According to the 2001 census, 67.53% of Ukrainian citizens said that their native language was Ukrainian, and 29.59% – Russian.
However, not all citizens who consider Ukrainian their native language speak it exclusively on a daily basis. A poll conducted by the Kyiv International Institute of Sociology conducted in February-March 2019 found that 46% of Ukrainians speak predominantly or exclusively Ukrainian with their family members, while 28.1% of Ukrainians spoke predominantly or exclusively Russian. 24.9% of Ukrainians spoke both Ukrainian and Russian, and 0.2% of Ukrainians use other languages for communication in their family.
It also found that over the last 20 years, the proportion of Ukrainians who believe Russian should be studied to the same extent as Ukrainian dropped from 46% to 29.9%.
At the same time, most Ukrainians believe that only Ukrainian should be the state language of Ukraine. A poll conducted by the Rating group in November-December 2018 found that 63% of Ukrainians think that the state language should be only Ukrainian, 17% support a state language status for Russian, and 15% support giving Russian the status of an official language in separate regions. Predictably, residents of the south-eastern Zaporizhzhia, Donetsk, Luhansk, Kharkiv, and Odesa oblasts were most in favor of a state language status for Russian.
What other Ukrainization incentives were adopted in Ukraine after the Euromaidan revolution?
After the Euromaidan revolution, Ukraine adopted several policies in support of the Ukrainian language. One concerned language in education – it establishes Ukrainian as the only language f instruction from the fifth grade onward. In 2017, language quotas for songs on radio were adopted (25% of songs in Ukrainian on the first year of the law, 30% on the second year, 35% on the third), which according to experts led to the flourishing of the Ukrainian music industry. Likewise, quotas for the Ukrainian language were adopted for TV and radio programs (75% for national programs, 60% for regional programs).

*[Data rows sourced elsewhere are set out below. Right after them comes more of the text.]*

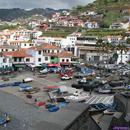 397-Madeira-2018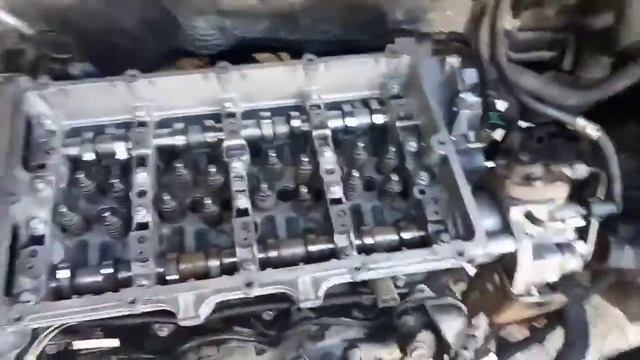 بعض النصائح تخص محرك 2.2hdi смотреть онлайн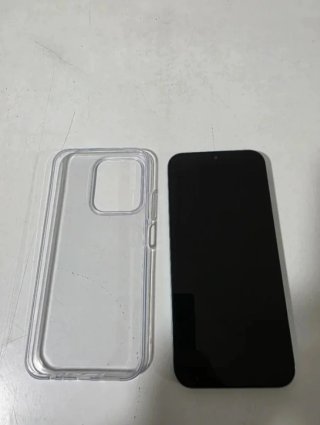 Xiaomi Redmi 15C 128GB Azul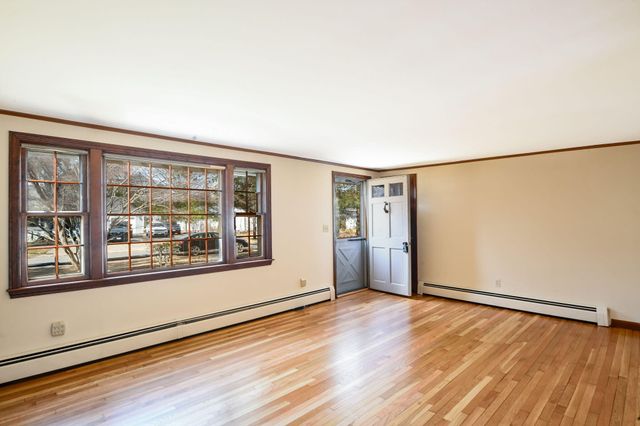 48 Captain Noyes Road, South Yarmouth, MA 02664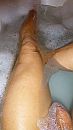 bad, foto 1126x2000, 0 reacties, 0 stemmen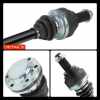 1x Antriebswelle Hinterachse Links oder Rechts für BMW 5er E60 E61 6er E63 E64 7er E65 E66 E67 Bild 1x Antriebswelle Hinterachse Links oder Rechts für BMW 5er E60 E61 6er E63 E64 7er E65 E66 E67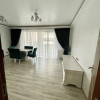 Apartament 3 camere, Isaran, structura mare thumb 9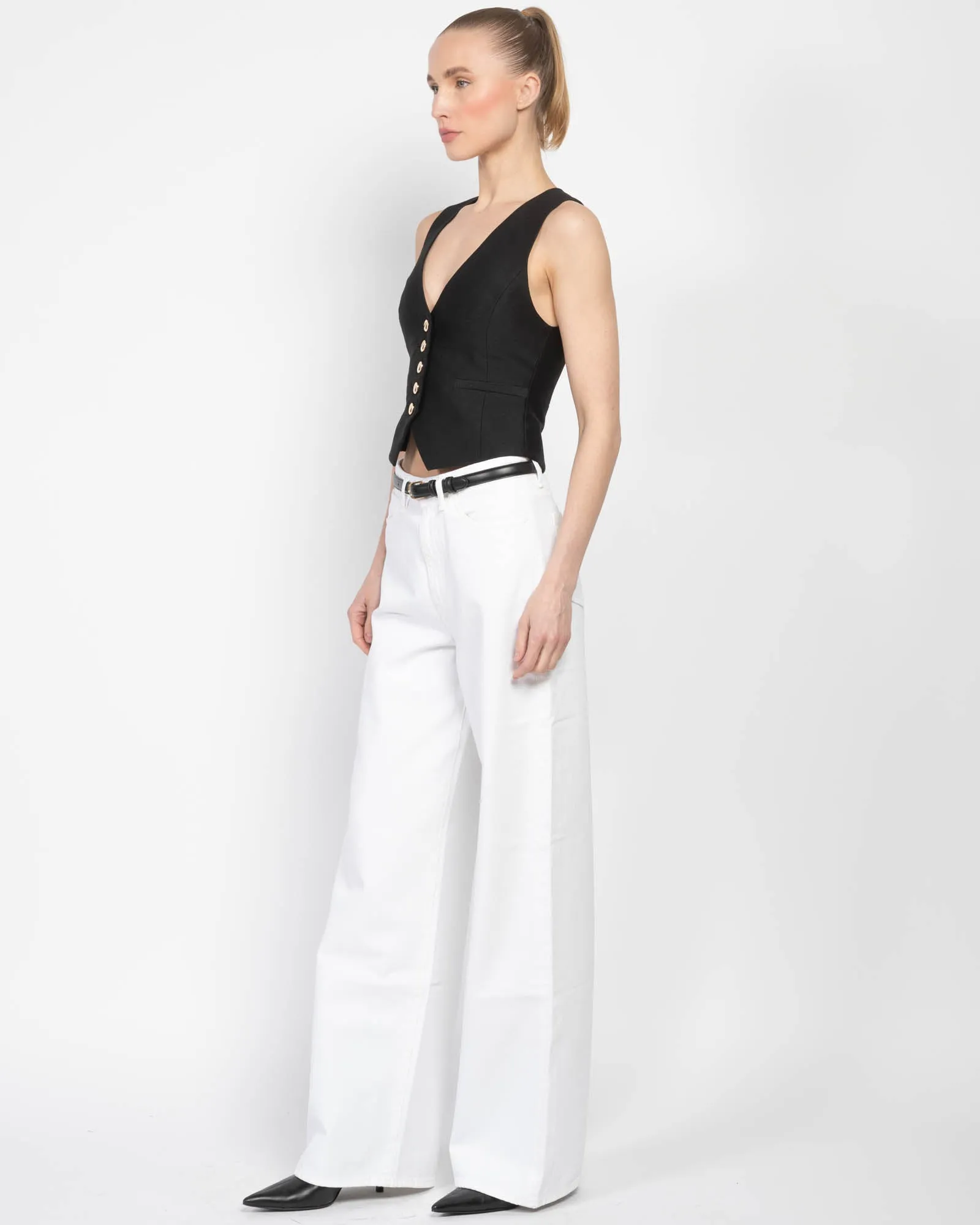 Waistcoat sold by TNT Fashion product image thumbnail 4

As well, state support for domestic film production has led to the flourishing of Ukrainian films.
Who supports the law, who opposes it?
MP Iryna Herashchenko, one of the champions of the law, captured some moments from the parliamentary vote, which was attended by former President Yushchenko and former Orthodox Church (Kyiv Patriarchate) Patriarch Filaret.
In the months of reviewing the amendments, the law was advocated for and endorsed by civil society representatives, as well as actors, writers, poets, academics, and church leaders.

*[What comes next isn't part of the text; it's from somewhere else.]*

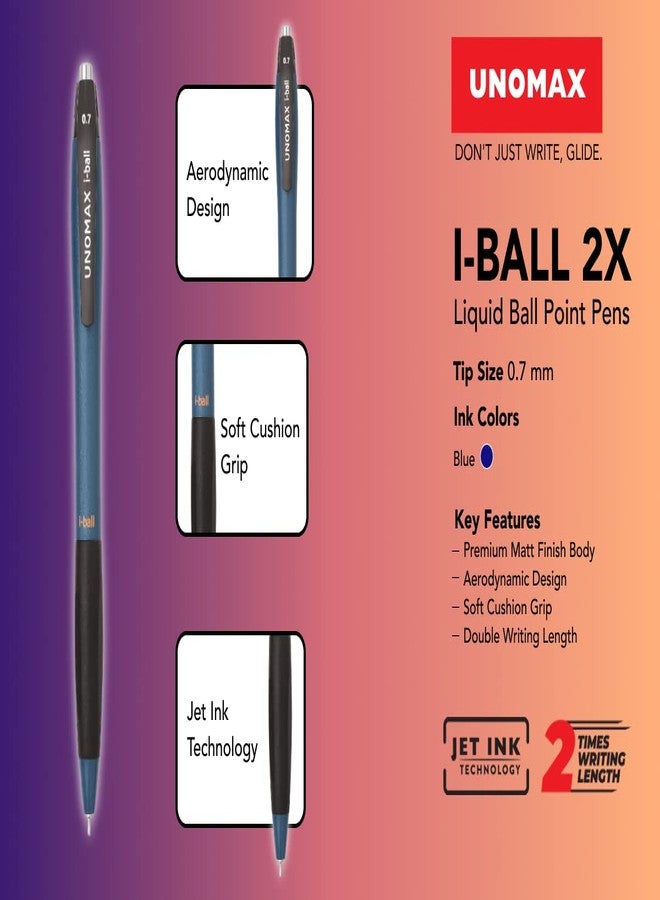 Tinywalk A5 Size Diary Notebook for Drawing Pad,100 GSM 160 Pages(Love You Mom) - Image 4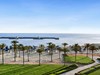 Rixos Premium Alamein #2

The only parliamentary faction which fully opposed the adoption of the law was the Opposition Bloc, the successor to runaway ex-president Yanykovych’s pro-Russian Party of Regions.
Outgoing President Poroshenko has praised the law, calling it a historic decision and a symbol of the Ukrainian people and statehood. Poroshenko, a champion of Ukrainization policies, held his (unsuccessful) election campaign under slogan “Army, language, faith.”

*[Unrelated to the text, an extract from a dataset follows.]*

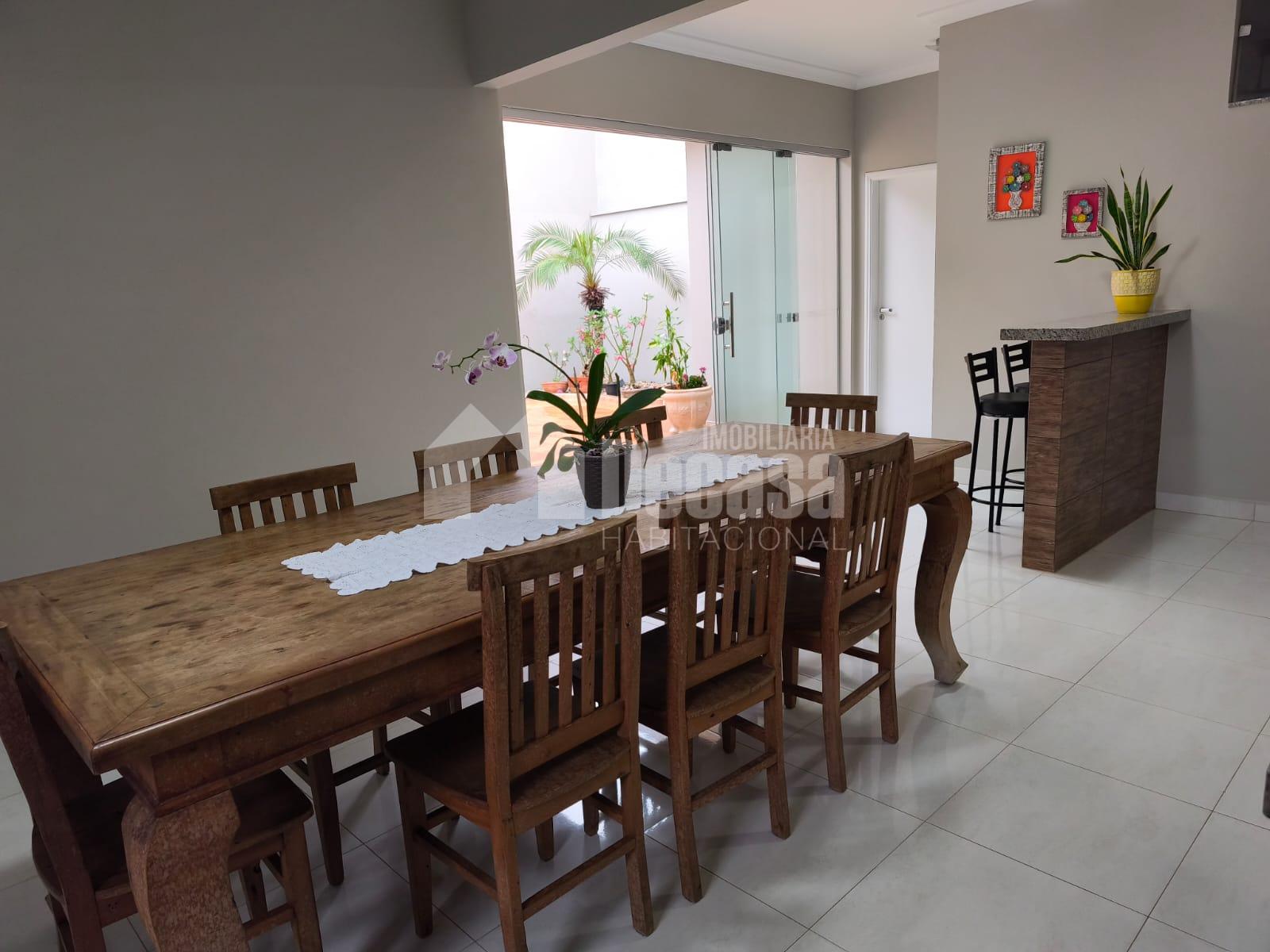 Imobiliria Decasa em Birigui SP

However, president-elect Zelenskyy, a comic actor from the Russophonic south-east, has said that the law was adopted without due public discussion and promised to “carefully analyze” the law after he is inaugurated, to “ensure constitutional rights and interests of Ukrainian citizens are respected.”
In a Facebook post on his page, which was renamed from Russian to Ukrainian on the day of the adoption of the law, Zelenskyy alleged that it was adopted during the “election cycle,” which made it a “hostage of political rhetoric.”
Zelenskyy stated he supported the status of the Ukrainian language as the sole state language of the country, but opposed the methods named in the law: “The state should encourage the development of the Ukrainian language through creating incentives and positive examples, not be bans and punishments, complicating bureaucratic procedures, and increasing the number of state officials instead of reducing them.”
However, public discussions regarding the law had been ongoing for over two years; as well, the 2,000 amendments which were reviewed testify to the robust public discussions regarding the law.
Zelenskyy, whose humorous project “Kvartal 95” performs exclusively in Russian, has had difficulties speaking in Ukrainian throughout his campaign and several days ago announced he is searching for a teacher of Ukrainian.